Title: Shut Out
Author: Kody Keplinger
Publisher: Poppy – Little, Brown and Company
Release Date: September 5, 2011
Most high school sports teams have rivalries with other schools. At Hamilton High, it’s a civil war: the football team versus the soccer team. And for her part, Lissa is sick of it. Her quarterback boyfriend, Randy, is always ditching her to go pick a fight with the soccer team or to prank their locker room. And on three separate occasions Randy’s car has been egged while he and Lissa were inside, making out. She is done competing with a bunch of sweaty boys for her own boyfriend’s attention.
Lissa decides to end the rivalry once and for all: she and the other players’ girlfriends go on a hookup strike. The boys won’t get any action from them until the football and soccer teams make peace. What they don’t count on is a new sort of rivalry: an impossible girls-against-boys showdown that hinges on who will cave to their libidos first. And Lissa never sees her own sexual tension with the leader of the boys, Cash Sterling, coming.
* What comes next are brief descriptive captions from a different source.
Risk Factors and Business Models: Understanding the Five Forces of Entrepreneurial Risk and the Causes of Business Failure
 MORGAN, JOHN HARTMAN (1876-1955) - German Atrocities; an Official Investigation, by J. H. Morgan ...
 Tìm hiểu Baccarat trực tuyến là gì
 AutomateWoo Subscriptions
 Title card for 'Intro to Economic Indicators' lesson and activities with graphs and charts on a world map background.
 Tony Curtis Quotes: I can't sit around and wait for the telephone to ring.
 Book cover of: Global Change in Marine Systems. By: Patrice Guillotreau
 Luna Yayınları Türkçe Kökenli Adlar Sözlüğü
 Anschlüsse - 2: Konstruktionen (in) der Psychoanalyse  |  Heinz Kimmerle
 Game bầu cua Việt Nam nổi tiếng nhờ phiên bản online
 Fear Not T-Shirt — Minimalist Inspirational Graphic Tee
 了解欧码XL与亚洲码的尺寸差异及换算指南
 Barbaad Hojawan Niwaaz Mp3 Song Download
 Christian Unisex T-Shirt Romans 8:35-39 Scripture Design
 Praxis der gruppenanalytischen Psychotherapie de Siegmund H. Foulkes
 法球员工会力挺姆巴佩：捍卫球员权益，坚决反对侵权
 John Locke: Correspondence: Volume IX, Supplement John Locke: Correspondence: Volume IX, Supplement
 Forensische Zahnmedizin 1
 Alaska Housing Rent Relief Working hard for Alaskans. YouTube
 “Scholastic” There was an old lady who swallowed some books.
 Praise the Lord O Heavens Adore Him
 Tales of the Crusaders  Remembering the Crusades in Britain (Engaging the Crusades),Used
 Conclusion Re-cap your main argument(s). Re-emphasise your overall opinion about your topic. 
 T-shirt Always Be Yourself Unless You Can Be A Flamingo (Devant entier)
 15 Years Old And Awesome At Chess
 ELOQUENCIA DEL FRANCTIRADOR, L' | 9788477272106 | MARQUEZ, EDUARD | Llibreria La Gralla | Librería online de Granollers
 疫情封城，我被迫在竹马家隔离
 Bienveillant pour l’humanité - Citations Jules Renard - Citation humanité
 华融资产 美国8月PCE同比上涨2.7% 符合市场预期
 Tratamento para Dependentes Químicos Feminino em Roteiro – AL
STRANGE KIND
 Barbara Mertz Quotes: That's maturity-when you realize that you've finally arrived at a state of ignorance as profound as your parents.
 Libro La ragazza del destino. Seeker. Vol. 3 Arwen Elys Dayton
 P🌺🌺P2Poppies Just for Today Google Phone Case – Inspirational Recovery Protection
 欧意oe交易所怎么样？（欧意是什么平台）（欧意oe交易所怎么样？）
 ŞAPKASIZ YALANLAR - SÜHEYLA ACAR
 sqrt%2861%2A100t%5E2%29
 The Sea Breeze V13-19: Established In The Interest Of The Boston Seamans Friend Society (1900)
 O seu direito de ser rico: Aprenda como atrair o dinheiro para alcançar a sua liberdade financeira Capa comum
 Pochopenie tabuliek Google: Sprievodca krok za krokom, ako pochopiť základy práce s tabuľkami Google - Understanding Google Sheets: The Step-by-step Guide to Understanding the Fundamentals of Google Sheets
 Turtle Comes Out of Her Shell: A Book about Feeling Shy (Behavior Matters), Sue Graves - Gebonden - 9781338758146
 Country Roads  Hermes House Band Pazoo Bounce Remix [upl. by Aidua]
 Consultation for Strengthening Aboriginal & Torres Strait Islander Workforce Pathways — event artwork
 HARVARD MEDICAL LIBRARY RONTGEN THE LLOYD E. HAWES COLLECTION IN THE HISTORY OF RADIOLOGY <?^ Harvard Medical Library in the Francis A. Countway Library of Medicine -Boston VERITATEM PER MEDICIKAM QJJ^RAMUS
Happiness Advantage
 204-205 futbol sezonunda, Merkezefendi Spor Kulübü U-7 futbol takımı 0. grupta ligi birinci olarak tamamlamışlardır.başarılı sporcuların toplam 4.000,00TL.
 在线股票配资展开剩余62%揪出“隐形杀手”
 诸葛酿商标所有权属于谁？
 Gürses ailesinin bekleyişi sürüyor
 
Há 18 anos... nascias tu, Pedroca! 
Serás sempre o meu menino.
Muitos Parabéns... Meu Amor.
From the very beginning, Lissa’s voice was very clear. She was wacky, with a good reason why, but her frustration with her boyfriend was completely on track. I mean, really – a guy left a girl with her shirt off to chase a bunch of guys a couple blocks away. There is something really messed up between the guys – and it got violent. I was so happy when Lissa took a stand, even before the sex strike, just because it was ridiculous how these guys were so out of control. I loved her determination, and I was always on her side. Even when she went slight insane in the middle due to her control issues, I was always rooting for her, if not her method. She was a very lovable character, especially when her thing about Cash was finally revealed (no, not a romantic thing – well, sort of, but really just the reason why she feels the way she does about him). I sooooo wanted to hit him for being so stupid. But it all works out in the end.
The sex strike material was great, too. I loved how Keplinger dealt with common issues, especially in high school and teenagers’ lives. The innate insecurities, lies to protect self-esteem, questions that everyone thinks but are taboo according to society. I’m so glad that she breaks the unspoken rule to mention these things, because even though she doesn’t provide the answer, she definitely reasons out at least a part of it, that made sense, and besides being an entertaining read, it was also intellectual and enlightening. But don’t let those “big words” stop you from reading the book – it just really gave me a different perspective on life in general as well as those issues.
I highly recommend this book to anyone over the age of 14 (the publisher recommends it for over 15). There is “taboo” material, but I think that this book has made me realize how important the taboo subjects are. People don’t want to talk about them, so they ignore it, and they think that everything is fine. But for teenagers, especially, but for everyone in reality, it’s always healthier to have someone, even a parent, to talk to about something instead of asking yourself the same questions over and over again without a real answer because of embarrassment or uncertainty. This book is amazing – you won’t regret reading it.